TASK ITEM> Below are records; please write out exactly the lines from the first line through the line containing "Eddie Borgo Gold Paperclip Chain Necklace", with no pictures.

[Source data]
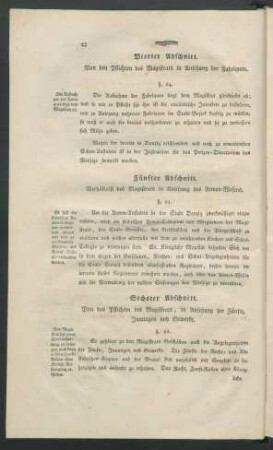 Vierter Abschnitt. Von den Pflichten des Magistrats in Ansehung der Fabriquen.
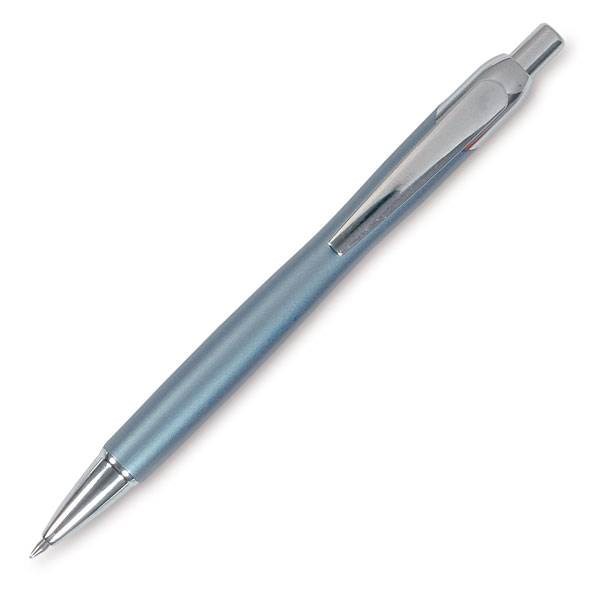 Obrázky: ROKI,guličkové pero s metalízou,modrá/strieborná, Obrázok 1
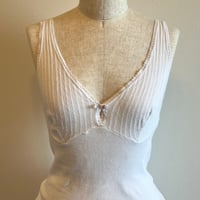 〈vintage〉Europa made rib camisole
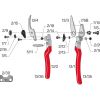 Exploded parts diagram for Felco 13 secateurs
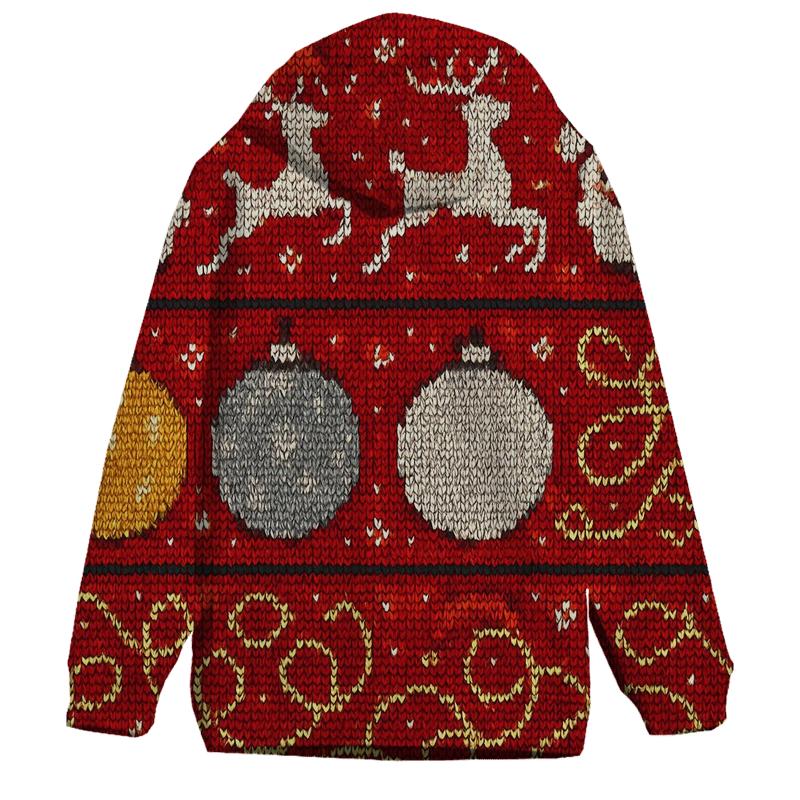 Tinsel Tangle Sweater Panel Design zip-up hoodies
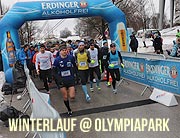 Winterlaufserie München 2019 Teil 2: Lauf über 15 km am 06.01.2019 im Olympiapark, München (©Foto: Martin Schmitz)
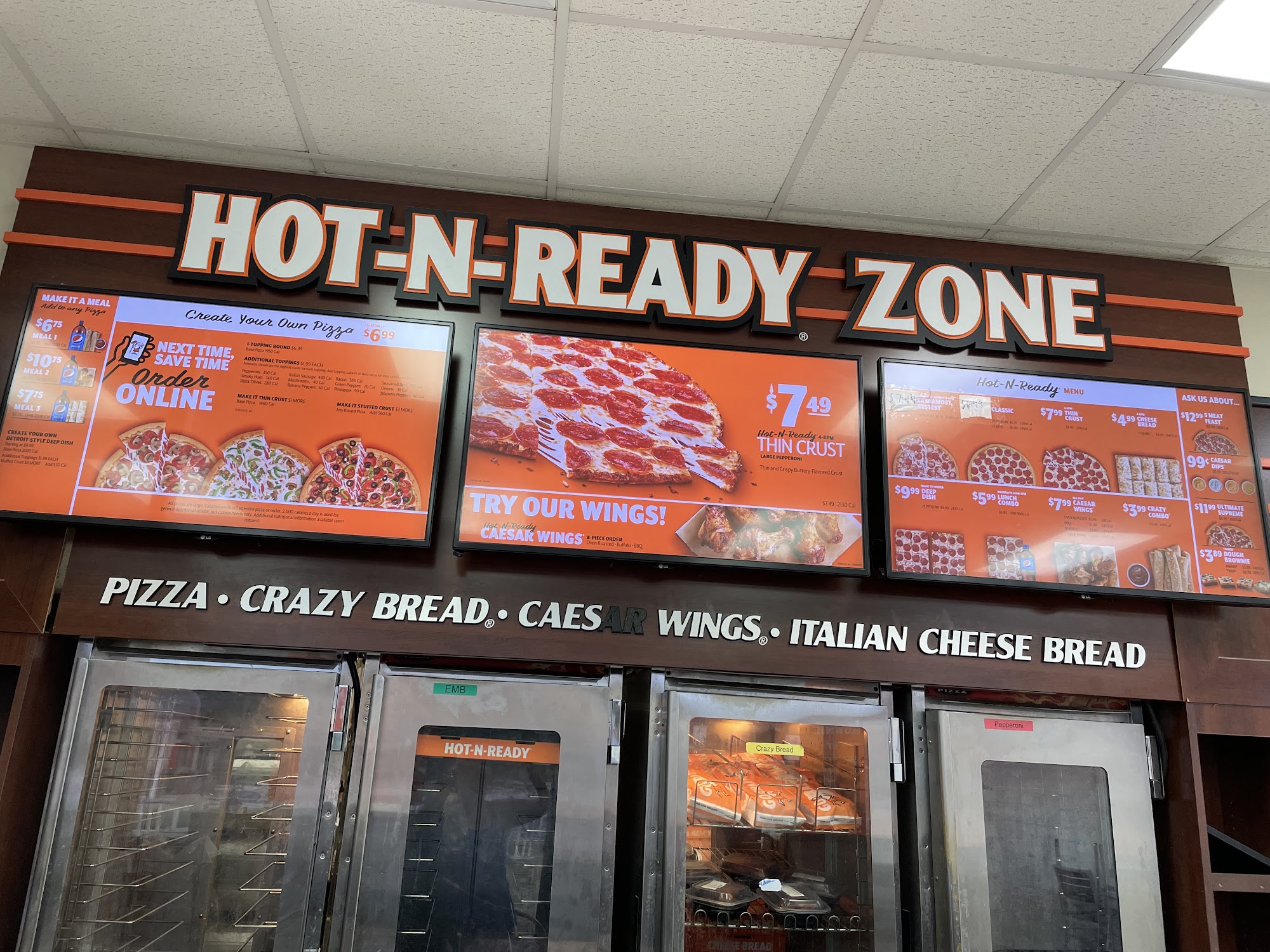Little Caesars Pizza Menu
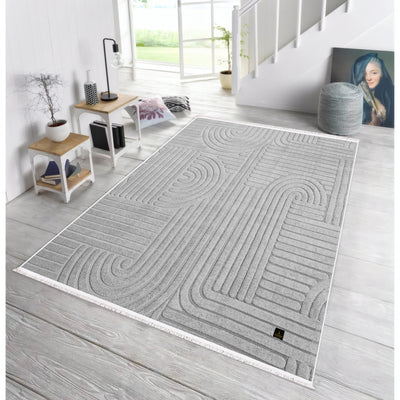 Elite Jacquard Carpet Modern Pattern (Gray)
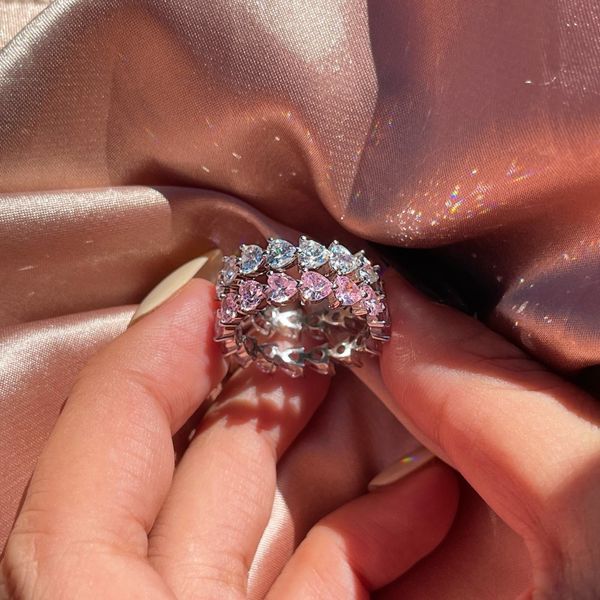 eternity heart lab diamond ring 100% real 925 sterling silver party wedding band rings for women men engagement jewelry gift, Slivery;golden
eternity heart lab diamond ring 100% real 925 sterling silver party wedding band rings for women men engagement jewelry gift, Slivery;golden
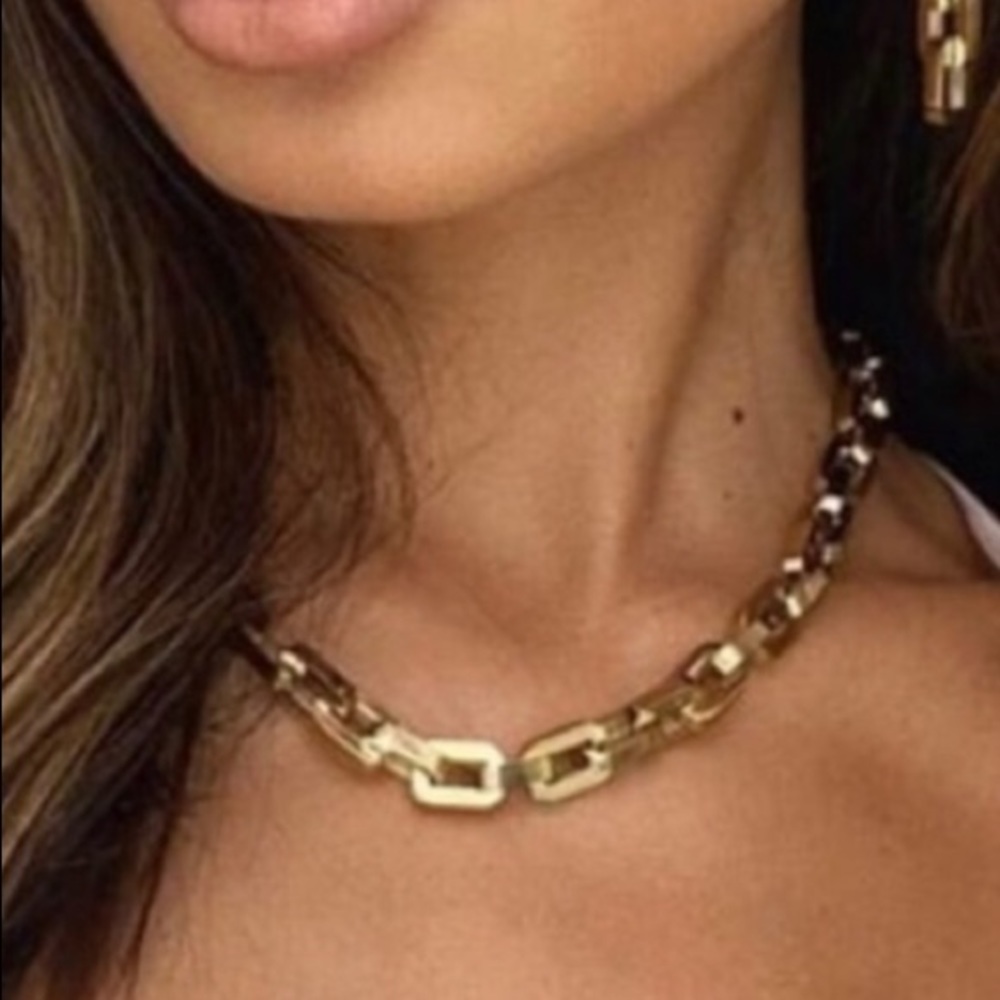 Eddie Borgo Gold Paperclip Chain Necklace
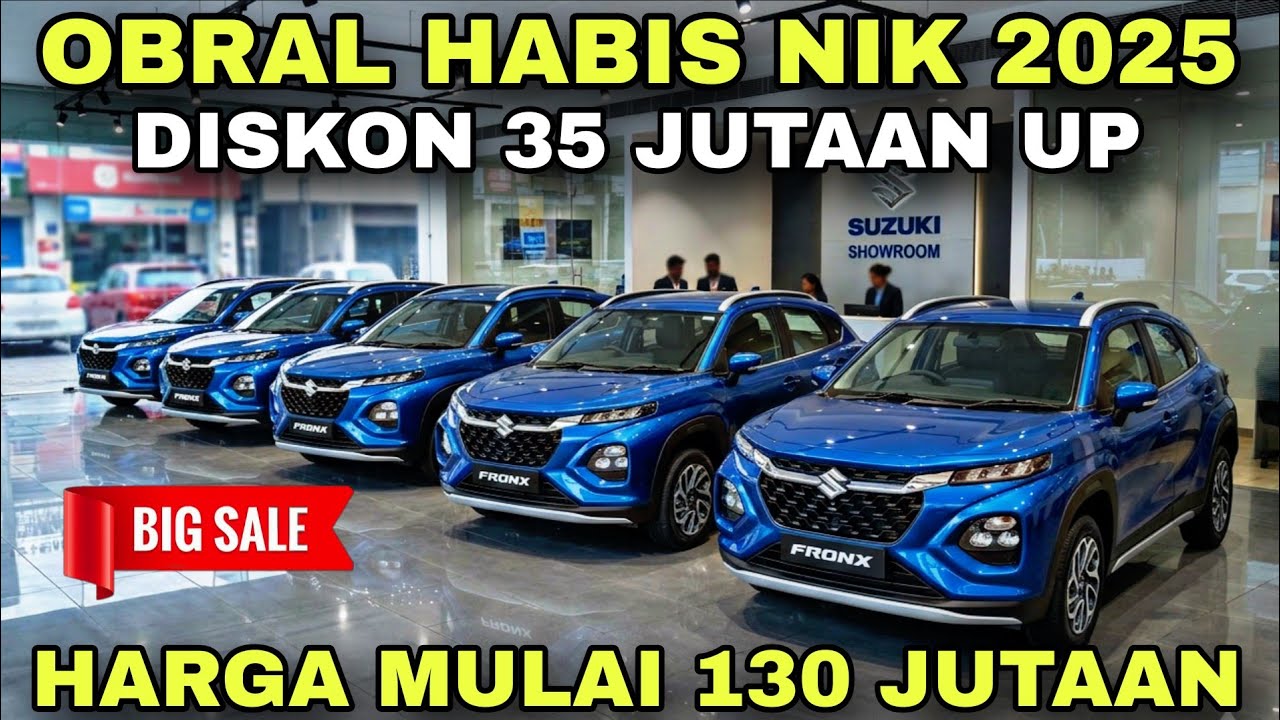 MURAH GOKIL !! SUZUKI HABISKAN NIK 2025, DISKON GEDE KREDIT MURAH BANGET 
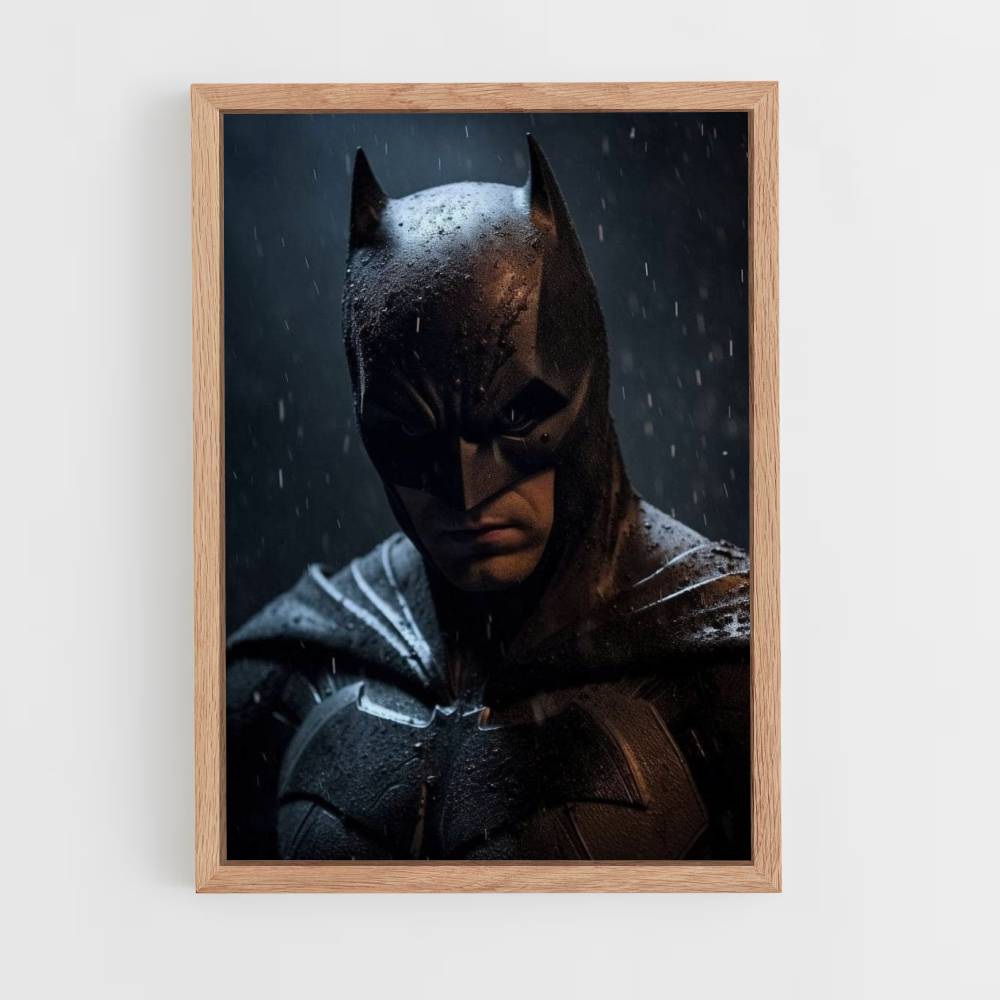 Póster Batman Lluvia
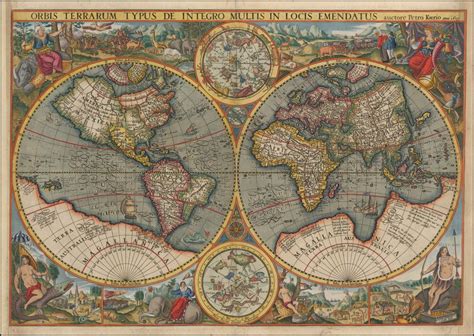 Large Printable World Maps Old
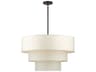 Livex Lighting Manorwood 8-Light English Bronze Drum Tiered Pendant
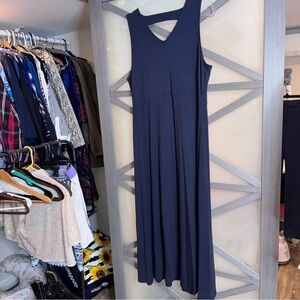 Talbots Navy Blue Sleeveless Dress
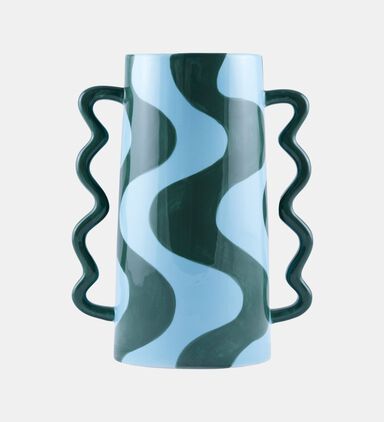 Cylindrical Two-tone Design Vase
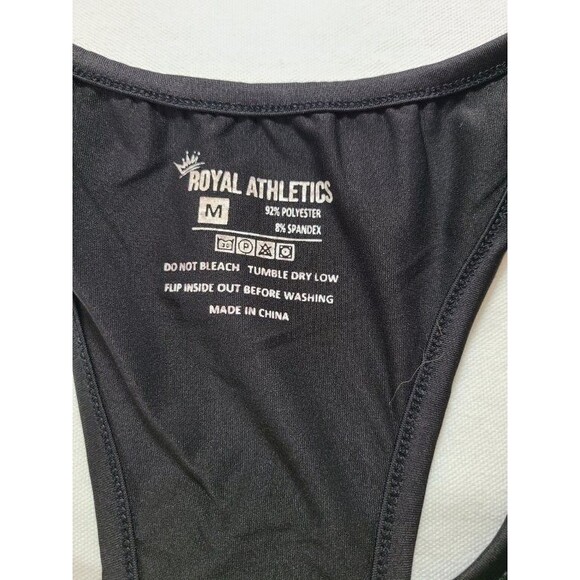 Royal Athletics Black Dri-Fit Slinger Top Size Medium NWOT Racerback - Picture 3 of 5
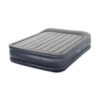 Intex 64136ND - Materasso Gonfiabile Dura-Beam Pillow Rest Deluxe Matrimoniale, Bicolore, con Pompa Elettrica Incorporata, PVC, Grigio, 152x203x42 cm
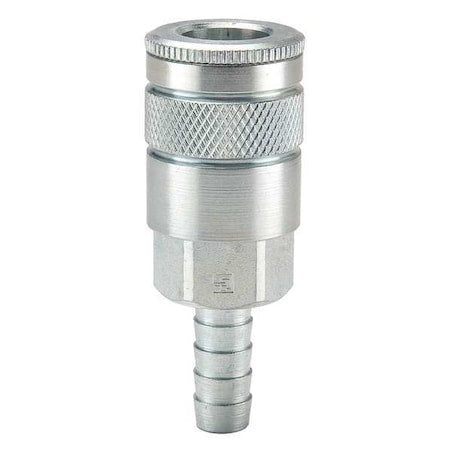 Coupler Body,Steel,Hose Barb,110 cfm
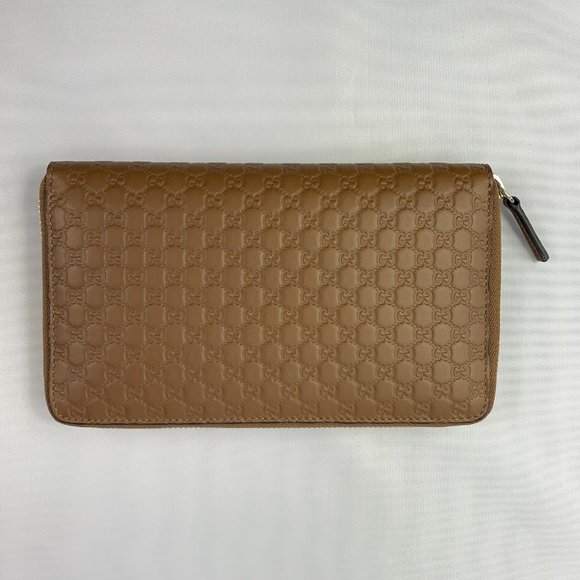 Gucci GG Zip Document Holder Wallet in Acero - Picture 1 of 9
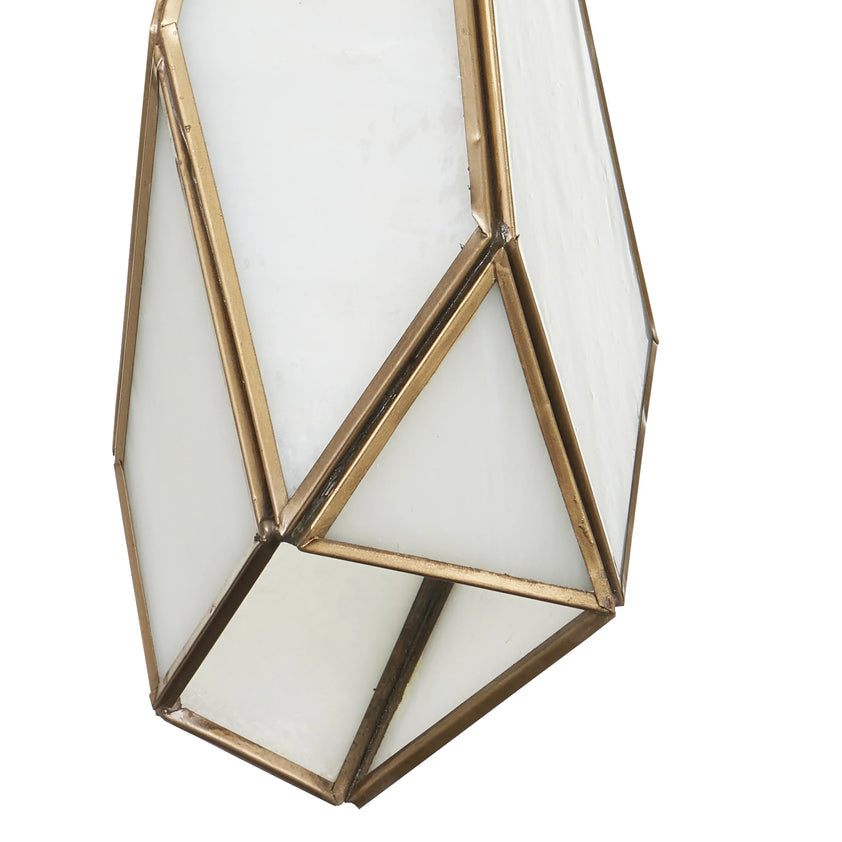 Glace White Rectangular 7-Light Multi-Drop Pendant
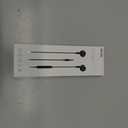 Wired Earbuds Noise Isolating In-Ear Headphones Earphones with Mic Volume Control 3.5mm Plug for Sports Workout Compatible with Cell Phones Android Samsung Galaxy Moto Tablets Laptops Computer (Black)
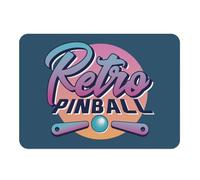 Set de Table Souple Dessous en liège Napperons Bleu - Retro Flipper Pinball Classique Bar Arcade - Grand Format 39,5 x 28,5 cm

RESPONSE BELOW>
 Vierter Abschnitt. Von den Pflichten des Magistrats in Ansehung der Fabriquen.
 Obrázky: ROKI,guličkové pero s metalízou,modrá/strieborná, Obrázok 1
 〈vintage〉Europa made rib camisole
 Exploded parts diagram for Felco 13 secateurs
 Tinsel Tangle Sweater Panel Design zip-up hoodies
 Winterlaufserie München 2019 Teil 2: Lauf über 15 km am 06.01.2019 im Olympiapark, München (©Foto: Martin Schmitz)
Little Caesars Pizza Menu
 Elite Jacquard Carpet Modern Pattern (Gray)
 eternity heart lab diamond ring 100% real 925 sterling silver party wedding band rings for women men engagement jewelry gift, Slivery;golden
eternity heart lab diamond ring 100% real 925 sterling silver party wedding band rings for women men engagement jewelry gift, Slivery;golden
 Eddie Borgo Gold Paperclip Chain Necklace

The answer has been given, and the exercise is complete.